Following the news that the badger cull will go ahead, a group of scientists has now advised, through a study, that around half of the UK's growing deer population needs to be shot every year in order to stop the devastation of woodlands and birdlife.
As the estimated 1.5 million strong deer population has no natural predator anymore, the researchers suggest the expansion of the population of deer is threatening biodiversity as well as causing road traffic accidents and crop damage.
If this plan goes ahead, the RSPCA has commented that any cull must be carried out in a humane and controlled way and supported by science. Researchers from the University of East Anglia suggest creating a venison market to make a cull ethically and economically acceptable.
Dr Paul Dolman, ecologist at the University of East Anglia and lead author of the research said, "Deer are implicated as the major cause of unfavourable conditions in terms of woodland structure and regeneration.

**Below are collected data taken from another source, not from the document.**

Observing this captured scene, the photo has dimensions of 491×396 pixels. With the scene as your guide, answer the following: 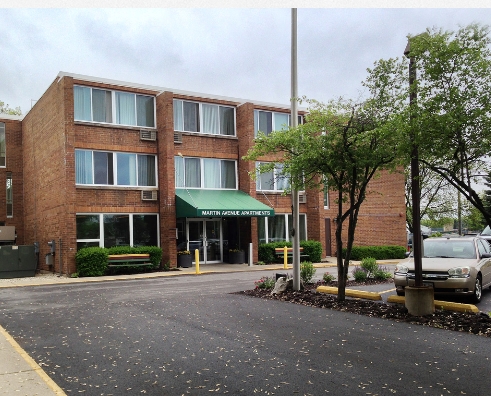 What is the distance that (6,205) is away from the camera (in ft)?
93.8

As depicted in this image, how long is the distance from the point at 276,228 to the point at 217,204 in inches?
212

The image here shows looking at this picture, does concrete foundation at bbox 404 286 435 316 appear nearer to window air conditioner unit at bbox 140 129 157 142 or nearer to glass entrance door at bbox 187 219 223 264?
glass entrance door at bbox 187 219 223 264

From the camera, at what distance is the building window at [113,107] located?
73.8 feet

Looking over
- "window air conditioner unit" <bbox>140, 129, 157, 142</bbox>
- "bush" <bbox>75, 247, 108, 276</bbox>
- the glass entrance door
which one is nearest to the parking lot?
"bush" <bbox>75, 247, 108, 276</bbox>

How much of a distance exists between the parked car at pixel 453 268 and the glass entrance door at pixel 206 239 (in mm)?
14206

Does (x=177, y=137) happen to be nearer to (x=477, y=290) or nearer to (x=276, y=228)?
(x=276, y=228)

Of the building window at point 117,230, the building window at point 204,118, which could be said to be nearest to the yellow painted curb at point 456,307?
the building window at point 117,230

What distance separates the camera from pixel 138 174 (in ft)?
78.8

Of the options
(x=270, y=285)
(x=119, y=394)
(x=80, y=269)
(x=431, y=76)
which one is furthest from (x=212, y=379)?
(x=80, y=269)

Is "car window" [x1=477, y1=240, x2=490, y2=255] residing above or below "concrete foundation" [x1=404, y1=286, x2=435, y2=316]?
above

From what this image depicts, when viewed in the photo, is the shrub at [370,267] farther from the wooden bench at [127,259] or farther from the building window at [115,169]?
the building window at [115,169]

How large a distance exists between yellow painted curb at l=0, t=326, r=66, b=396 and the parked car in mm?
8006

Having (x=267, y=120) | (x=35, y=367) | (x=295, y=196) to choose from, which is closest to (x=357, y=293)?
(x=295, y=196)

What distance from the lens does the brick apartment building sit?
2228 cm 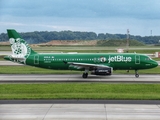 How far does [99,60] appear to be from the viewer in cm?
4159

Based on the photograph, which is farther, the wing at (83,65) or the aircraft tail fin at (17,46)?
the aircraft tail fin at (17,46)

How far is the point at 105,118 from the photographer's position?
1806 cm

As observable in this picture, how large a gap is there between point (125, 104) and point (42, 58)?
22073mm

There is evidence that deer reduce the number of woodland birds - especially some of our much loved migrant birds species like Blackcap and Nightingale, and resident species like Willow Tit. We have a problem."
He added, "We are not killing something and then incinerating the carcass - what we are talking about is harvesting a wild animal to supply wild free-ranging venison for our tables - for farm shops, for gastro pubs. What we are advocating isn't removing deer from the countryside - what we are advocating is trying to get on top of the deer population explosion and try to control the problems that are being caused."